Of course, there are the plans that work out great and the students who you helped and heck, some of them even tell you so. It's not all bad, but we humans do tend to focus on the negative parts, don't we? So you find yourself nearing May, having a lot of conversations with yourself in the car on the commute home. What worked this year? What didn't? What will you do different next year? The cool thing is that you can kind of cut your losses at graduation and start fresh in August.

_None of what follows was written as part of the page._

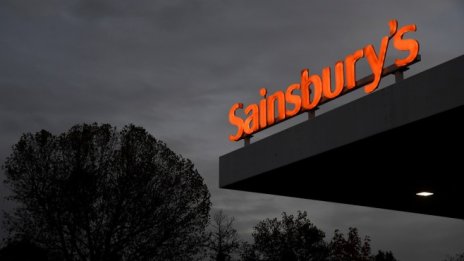 Коледните продажби на Sainsbury's разочароваха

As this time of reflection has rolled up on me this semester, it's had me looking back and really considering the social aspect of being a teacher. This is something teachers don't talk about very often but perhaps they should, as it appears to be a weakness for many of us. What is the social aspect of being a teacher? It's pretty much everything beyond the dry delivery of information in your class. And no one wants to be the dry deliverer of information. We all have personalities and teaching approaches that inform that delivery. In 3 hour studio classes, there's also a lot of personal interaction that goes on which makes who you are almost as important as what you know. What I mean by that is that if you are a cold, personality-void-of-a-human and you know a lot of stuff, you may be able to pass that information along to a couple of the self starters in your class. But if you are engaging and passionate and you show a personal interest in the lives of your students, you will certainly reach a much larger group of students. This separates the ineffective "teachers" from the best teachers you've ever had.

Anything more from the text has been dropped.